======== MATERIAL SUPPLIED ========
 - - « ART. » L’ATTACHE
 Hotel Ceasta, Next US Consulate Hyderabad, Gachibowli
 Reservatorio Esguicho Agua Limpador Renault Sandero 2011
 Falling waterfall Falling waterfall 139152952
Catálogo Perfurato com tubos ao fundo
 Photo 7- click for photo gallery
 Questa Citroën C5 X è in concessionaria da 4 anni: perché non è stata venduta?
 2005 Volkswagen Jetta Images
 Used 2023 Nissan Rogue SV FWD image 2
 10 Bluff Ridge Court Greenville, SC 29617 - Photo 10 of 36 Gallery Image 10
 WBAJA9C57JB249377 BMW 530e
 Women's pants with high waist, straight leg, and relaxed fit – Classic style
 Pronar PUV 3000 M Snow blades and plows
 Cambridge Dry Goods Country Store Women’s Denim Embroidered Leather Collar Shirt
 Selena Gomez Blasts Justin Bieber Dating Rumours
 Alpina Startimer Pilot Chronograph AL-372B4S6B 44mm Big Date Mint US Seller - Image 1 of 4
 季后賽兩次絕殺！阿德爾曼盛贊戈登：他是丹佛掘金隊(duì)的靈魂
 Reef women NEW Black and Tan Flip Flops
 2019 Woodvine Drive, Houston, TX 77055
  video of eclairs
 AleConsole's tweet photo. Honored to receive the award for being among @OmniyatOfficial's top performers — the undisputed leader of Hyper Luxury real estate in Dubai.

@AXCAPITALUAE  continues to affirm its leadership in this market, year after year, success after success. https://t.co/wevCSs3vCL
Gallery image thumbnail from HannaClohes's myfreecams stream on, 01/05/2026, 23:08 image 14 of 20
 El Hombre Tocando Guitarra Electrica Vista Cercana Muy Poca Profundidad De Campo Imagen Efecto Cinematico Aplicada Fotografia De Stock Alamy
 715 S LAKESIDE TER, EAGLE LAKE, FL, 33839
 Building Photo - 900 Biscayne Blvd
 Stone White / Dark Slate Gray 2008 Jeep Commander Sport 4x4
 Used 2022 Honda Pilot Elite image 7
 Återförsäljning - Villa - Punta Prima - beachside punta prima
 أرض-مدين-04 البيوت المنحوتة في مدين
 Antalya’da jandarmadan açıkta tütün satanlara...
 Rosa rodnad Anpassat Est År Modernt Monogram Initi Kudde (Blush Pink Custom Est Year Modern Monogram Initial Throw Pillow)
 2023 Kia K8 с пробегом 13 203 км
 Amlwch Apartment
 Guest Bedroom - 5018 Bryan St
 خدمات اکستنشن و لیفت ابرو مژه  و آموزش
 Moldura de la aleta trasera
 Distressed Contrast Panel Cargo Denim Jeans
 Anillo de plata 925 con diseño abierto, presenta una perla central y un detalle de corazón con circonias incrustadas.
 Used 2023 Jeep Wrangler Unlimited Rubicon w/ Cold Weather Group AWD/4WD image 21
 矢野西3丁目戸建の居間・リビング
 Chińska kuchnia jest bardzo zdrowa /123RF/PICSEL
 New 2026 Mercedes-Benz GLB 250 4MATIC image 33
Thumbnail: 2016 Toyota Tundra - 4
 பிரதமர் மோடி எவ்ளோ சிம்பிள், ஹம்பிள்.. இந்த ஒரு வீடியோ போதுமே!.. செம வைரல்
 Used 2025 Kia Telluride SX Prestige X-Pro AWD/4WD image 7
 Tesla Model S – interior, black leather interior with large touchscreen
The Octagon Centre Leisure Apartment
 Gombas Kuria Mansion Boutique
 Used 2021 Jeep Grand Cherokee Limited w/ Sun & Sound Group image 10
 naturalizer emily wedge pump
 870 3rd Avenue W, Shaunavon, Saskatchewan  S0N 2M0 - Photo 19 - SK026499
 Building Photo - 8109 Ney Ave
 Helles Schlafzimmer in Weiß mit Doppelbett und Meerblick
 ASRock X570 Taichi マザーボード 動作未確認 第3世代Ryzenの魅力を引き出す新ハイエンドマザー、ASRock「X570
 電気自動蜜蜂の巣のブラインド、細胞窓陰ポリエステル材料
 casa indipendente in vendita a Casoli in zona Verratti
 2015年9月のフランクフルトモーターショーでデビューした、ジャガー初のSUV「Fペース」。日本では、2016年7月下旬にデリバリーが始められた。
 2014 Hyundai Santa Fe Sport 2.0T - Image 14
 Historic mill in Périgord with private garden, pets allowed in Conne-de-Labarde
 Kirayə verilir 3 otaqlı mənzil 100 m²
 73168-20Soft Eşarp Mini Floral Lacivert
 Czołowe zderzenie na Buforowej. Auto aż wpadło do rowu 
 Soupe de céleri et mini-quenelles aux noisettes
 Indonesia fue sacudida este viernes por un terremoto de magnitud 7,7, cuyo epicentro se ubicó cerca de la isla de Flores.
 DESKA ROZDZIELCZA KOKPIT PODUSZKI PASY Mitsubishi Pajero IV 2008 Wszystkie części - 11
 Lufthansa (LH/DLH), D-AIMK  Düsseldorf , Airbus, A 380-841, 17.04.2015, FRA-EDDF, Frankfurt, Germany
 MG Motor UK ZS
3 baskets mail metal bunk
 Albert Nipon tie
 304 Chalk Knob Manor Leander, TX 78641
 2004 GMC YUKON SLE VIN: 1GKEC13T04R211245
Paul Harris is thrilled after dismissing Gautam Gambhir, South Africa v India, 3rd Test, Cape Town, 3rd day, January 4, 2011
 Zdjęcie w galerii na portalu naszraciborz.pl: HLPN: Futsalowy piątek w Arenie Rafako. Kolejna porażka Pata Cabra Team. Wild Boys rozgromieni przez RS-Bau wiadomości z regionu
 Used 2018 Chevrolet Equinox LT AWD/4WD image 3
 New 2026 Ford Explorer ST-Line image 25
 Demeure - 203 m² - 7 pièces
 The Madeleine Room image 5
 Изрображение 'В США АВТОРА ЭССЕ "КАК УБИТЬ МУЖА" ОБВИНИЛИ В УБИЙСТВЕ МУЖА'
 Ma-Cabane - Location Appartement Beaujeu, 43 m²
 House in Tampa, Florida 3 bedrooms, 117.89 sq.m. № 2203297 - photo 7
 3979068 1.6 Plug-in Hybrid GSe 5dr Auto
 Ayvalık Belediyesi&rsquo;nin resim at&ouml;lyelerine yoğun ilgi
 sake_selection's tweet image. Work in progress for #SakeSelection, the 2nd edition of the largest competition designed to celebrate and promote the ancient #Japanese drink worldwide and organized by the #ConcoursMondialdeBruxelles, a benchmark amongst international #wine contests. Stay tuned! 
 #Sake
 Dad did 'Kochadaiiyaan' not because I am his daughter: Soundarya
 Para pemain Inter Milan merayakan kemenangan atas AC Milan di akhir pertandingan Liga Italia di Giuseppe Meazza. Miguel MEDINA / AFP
========
Set down the lines from the one with "Paul Harris is" through the end of the data above. Keep each exactly as written and add no other line.

* _EXERCISE ANSWER_:
Paul Harris is thrilled after dismissing Gautam Gambhir, South Africa v India, 3rd Test, Cape Town, 3rd day, January 4, 2011
 Zdjęcie w galerii na portalu naszraciborz.pl: HLPN: Futsalowy piątek w Arenie Rafako. Kolejna porażka Pata Cabra Team. Wild Boys rozgromieni przez RS-Bau wiadomości z regionu
 Used 2018 Chevrolet Equinox LT AWD/4WD image 3
 New 2026 Ford Explorer ST-Line image 25
 Demeure - 203 m² - 7 pièces
 The Madeleine Room image 5
 Изрображение 'В США АВТОРА ЭССЕ "КАК УБИТЬ МУЖА" ОБВИНИЛИ В УБИЙСТВЕ МУЖА'
 Ma-Cabane - Location Appartement Beaujeu, 43 m²
 House in Tampa, Florida 3 bedrooms, 117.89 sq.m. № 2203297 - photo 7
 3979068 1.6 Plug-in Hybrid GSe 5dr Auto
 Ayvalık Belediyesi&rsquo;nin resim at&ouml;lyelerine yoğun ilgi
 sake_selection's tweet image. Work in progress for #SakeSelection, the 2nd edition of the largest competition designed to celebrate and promote the ancient #Japanese drink worldwide and organized by the #ConcoursMondialdeBruxelles, a benchmark amongst international #wine contests. Stay tuned! 
 #Sake
 Dad did 'Kochadaiiyaan' not because I am his daughter: Soundarya
 Para pemain Inter Milan merayakan kemenangan atas AC Milan di akhir pertandingan Liga Italia di Giuseppe Meazza. Miguel MEDINA / AFP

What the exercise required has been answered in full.